Fresh look at self-balancing robot algorithm

Self-balancing robot is a cool project, which many makers like to build somewhere during their journey through the world of robotics.

In most cases you can find on the internet there are three different types of motors used in a self-balancing robots:

  1. stepper motors
  2. DC motors
  3. DC motors with quadrature encoders

Options a) and b) do not give you feedback on the distance (even in case of stepper motor it is easy to lose steps), so we’ve decide to use DC motors with encoders. Robot keeps balance like this:

What you see is basically a telepresence robot which can be controlled through the internet from anywhere with anyone via shareable link.

Now let’s go deeper into the story.

Existing self-balancing robot constructions and our way to make our own

90%+ of all self balancing constructions found on the internet are based on Arduino, so it’s rather hard to expand them with new functionalities because of lack of computing power and a single infinite loop with everything done within it.

While creating our own self-balancing construction, we had the following assumptions in mind:

  1. using DC motors with encoders
  2. using MPU9250 inertial measurement unit, but not raw accelerometer and gyro data, but complete 3D orientation data from DMP (Digital Motion Processor) inside this chip
  3. creating an elegant control algorithm that is responsive, resilience to interference, easy to understand and easily scalable for other mechanics with only a small tune up of PID parameters
  4. creating an easy to use class for robot control algorithm with a simple API and control algorithm working as a “background task”, so the robot firmware will be easy to expand.
  5. make it open source to help people reuse and modify it in their own projects

At first let’s start with the hardware we used.

Our robot is based on Husarion CORE2 robotic controller that has integrated interfaces for up to 4 DC motors with quadrature encoders that are handled in “hardware” (there’s a dedicated timer working in quadrature encoder mode), so it doesn’t waste processing power of CPU to handle encoders. Husarion CORE2 controller is programmed thanks to easy API in C++ 11 provided by open source programming framework available at https://github.com/husarion/hFramework (MIT license) with Arduino compatibility layer (which is not used in this software, but could be if you are an Arduino enthusiast 😊 ).

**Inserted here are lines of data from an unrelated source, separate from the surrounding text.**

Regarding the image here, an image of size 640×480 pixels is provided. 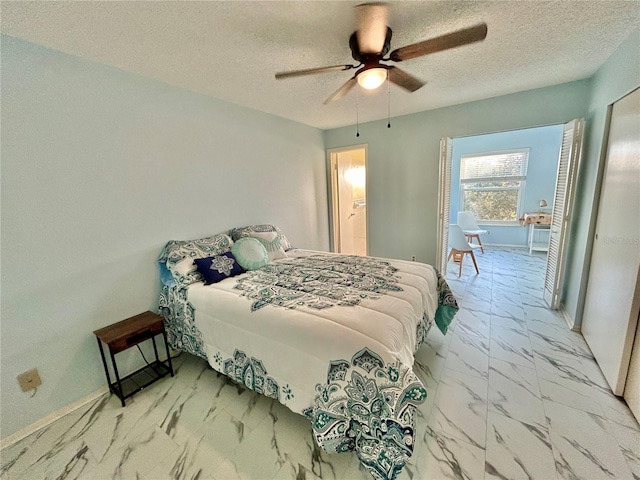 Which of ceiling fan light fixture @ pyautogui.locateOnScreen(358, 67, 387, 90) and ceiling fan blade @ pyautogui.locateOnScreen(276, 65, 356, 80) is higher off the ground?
ceiling fan blade @ pyautogui.locateOnScreen(276, 65, 356, 80)

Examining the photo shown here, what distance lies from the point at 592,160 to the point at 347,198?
3.14 meters

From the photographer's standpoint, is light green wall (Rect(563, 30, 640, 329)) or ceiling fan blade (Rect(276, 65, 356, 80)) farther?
light green wall (Rect(563, 30, 640, 329))

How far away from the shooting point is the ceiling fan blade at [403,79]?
5.45ft

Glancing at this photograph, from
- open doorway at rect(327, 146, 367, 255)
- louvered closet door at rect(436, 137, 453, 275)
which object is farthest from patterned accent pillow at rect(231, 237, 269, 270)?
louvered closet door at rect(436, 137, 453, 275)

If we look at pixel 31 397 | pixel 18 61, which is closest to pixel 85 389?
pixel 31 397

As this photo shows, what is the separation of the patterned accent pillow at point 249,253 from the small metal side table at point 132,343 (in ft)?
2.64

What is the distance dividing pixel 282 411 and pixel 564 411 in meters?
1.77

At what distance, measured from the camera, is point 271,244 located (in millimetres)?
2885

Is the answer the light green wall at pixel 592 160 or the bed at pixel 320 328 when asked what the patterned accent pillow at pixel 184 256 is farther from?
the light green wall at pixel 592 160

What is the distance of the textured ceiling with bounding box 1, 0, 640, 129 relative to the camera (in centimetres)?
139

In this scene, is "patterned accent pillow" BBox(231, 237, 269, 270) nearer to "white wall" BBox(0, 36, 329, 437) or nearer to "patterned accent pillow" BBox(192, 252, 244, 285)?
"patterned accent pillow" BBox(192, 252, 244, 285)

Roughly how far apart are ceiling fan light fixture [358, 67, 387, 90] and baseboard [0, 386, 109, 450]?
2887mm

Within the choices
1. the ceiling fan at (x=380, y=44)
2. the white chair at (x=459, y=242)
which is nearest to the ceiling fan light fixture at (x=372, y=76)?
the ceiling fan at (x=380, y=44)

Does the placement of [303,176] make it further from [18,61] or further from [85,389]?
[85,389] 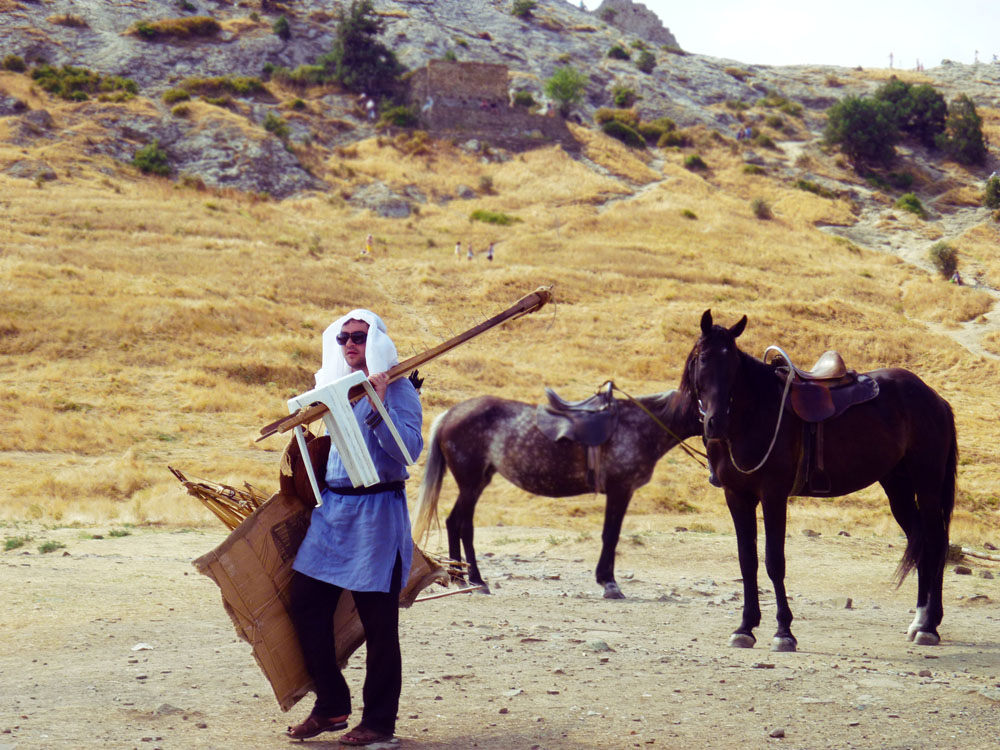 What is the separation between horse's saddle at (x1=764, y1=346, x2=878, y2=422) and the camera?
816cm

What are the results? Just take a look

Our goal was to prepare not only the control algorithm but also provide easy to use API. It looks like this:

Using this API we’ve create our telepresence robot. Here are the main features of the final project:

Smooth driving

Resilience to disruptions

Servo controlled leg to start/stop balancing

Intuitive web user interface — you can control this robot from a web browser with arrows on your keyboard or built in joystick in the user interface

Stabilization algorithm explained

After a lot of trials and errors we have finally created a control algorithm based on 4 PID regulators:

It may look complicated at first glance but it is quite easy to understand. Let’s analyze it from right to left:

At a hardware level we’ve got the following interface provided by motors and sensors:

  1. Power and turning direction that could be applied to a motor (API call “motorRight.setPower(1000)”, means 100% PWM signal and forward rotation, “motorRight.setPower(-500)”, means 50% PWM signal and backward rotation), information about angle in degrees (0° — robot is in vertical position to ground, >0° — robot is leaning forward), and encoder counter information for each of the wheels (>0 — robot moved forward by a positive number of “encoder ticks”).
  2. The first level of PID regulators to control power applied to each motor to achieve the target speed (measured thanks to encoder signal and known control loop frequency). In the previous version of software we haven’t used these PID regulators which led to inability to follow straight line while driving, and instability in turning — each of the motors have a different electrical characteristics for forward/backward rotation. Thanks to this level of PID regulators we can control not the power, but a rotation speed of each motor.
  3. PID angle regulator — keeps desired angle between robot chassis and a ground based on feedback from MPU9250. PID angle receives an interruption from a MPU9250 every 20ms with fresh angle data. Thanks to the interrupts we don’t waste processing power of thee CPU on asking the chip whether new data is present (we use RTOS, so CPU doesn’t care about this task until new data from the sensor is available).
  4. PID speed — it does similar work to the motor speed regulator but controls speed of the whole robot, not only a single motor. Imagine that this regulator controls robot angle to ground to achieve a desired speed, because if the robot tilt is positive, it has to accelerate to prevent falling down. If the final speed is reached, robot automatically backs to the 0° angle to the ground (based on Newton’s first law of motion).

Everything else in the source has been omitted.